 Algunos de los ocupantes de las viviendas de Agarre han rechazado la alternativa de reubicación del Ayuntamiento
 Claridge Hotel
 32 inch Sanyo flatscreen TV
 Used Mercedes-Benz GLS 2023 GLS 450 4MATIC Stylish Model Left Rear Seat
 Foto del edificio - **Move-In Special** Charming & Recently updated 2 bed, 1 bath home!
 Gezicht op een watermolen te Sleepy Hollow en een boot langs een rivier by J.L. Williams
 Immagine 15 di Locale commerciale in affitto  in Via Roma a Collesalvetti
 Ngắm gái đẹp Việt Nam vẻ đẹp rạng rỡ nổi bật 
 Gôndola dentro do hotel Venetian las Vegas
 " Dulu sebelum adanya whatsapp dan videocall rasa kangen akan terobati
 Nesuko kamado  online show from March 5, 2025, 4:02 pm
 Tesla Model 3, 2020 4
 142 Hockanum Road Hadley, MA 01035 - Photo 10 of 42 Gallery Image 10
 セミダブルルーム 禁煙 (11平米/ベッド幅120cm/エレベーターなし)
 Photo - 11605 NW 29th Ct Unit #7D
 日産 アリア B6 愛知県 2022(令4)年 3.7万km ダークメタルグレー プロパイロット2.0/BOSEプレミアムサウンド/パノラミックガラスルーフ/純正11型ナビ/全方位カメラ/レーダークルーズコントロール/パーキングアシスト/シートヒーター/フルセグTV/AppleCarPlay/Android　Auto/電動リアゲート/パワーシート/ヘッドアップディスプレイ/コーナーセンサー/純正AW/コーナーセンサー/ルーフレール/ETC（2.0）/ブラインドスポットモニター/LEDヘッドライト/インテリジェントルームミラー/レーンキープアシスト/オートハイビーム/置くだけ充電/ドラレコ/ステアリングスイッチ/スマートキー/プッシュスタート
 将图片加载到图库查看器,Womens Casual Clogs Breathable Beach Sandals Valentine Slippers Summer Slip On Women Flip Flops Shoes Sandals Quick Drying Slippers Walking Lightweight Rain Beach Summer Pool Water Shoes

****************

WHAT THIS TASK INVOLVES: Reproduce exactly the stretch of the material above that starts at the line with "kangen akan terobati" and ends at the line with "日産 アリア B6 愛知県", both included, and nothing else.

ANSWER FOR THE TASK:
 " Dulu sebelum adanya whatsapp dan videocall rasa kangen akan terobati
 Nesuko kamado  online show from March 5, 2025, 4:02 pm
 Tesla Model 3, 2020 4
 142 Hockanum Road Hadley, MA 01035 - Photo 10 of 42 Gallery Image 10
 セミダブルルーム 禁煙 (11平米/ベッド幅120cm/エレベーターなし)
 Photo - 11605 NW 29th Ct Unit #7D
 日産 アリア B6 愛知県 2022(令4)年 3.7万km ダークメタルグレー プロパイロット2.0/BOSEプレミアムサウンド/パノラミックガラスルーフ/純正11型ナビ/全方位カメラ/レーダークルーズコントロール/パーキングアシスト/シートヒーター/フルセグTV/AppleCarPlay/Android　Auto/電動リアゲート/パワーシート/ヘッドアップディスプレイ/コーナーセンサー/純正AW/コーナーセンサー/ルーフレール/ETC（2.0）/ブラインドスポットモニター/LEDヘッドライト/インテリジェントルームミラー/レーンキープアシスト/オートハイビーム/置くだけ充電/ドラレコ/ステアリングスイッチ/スマートキー/プッシュスタート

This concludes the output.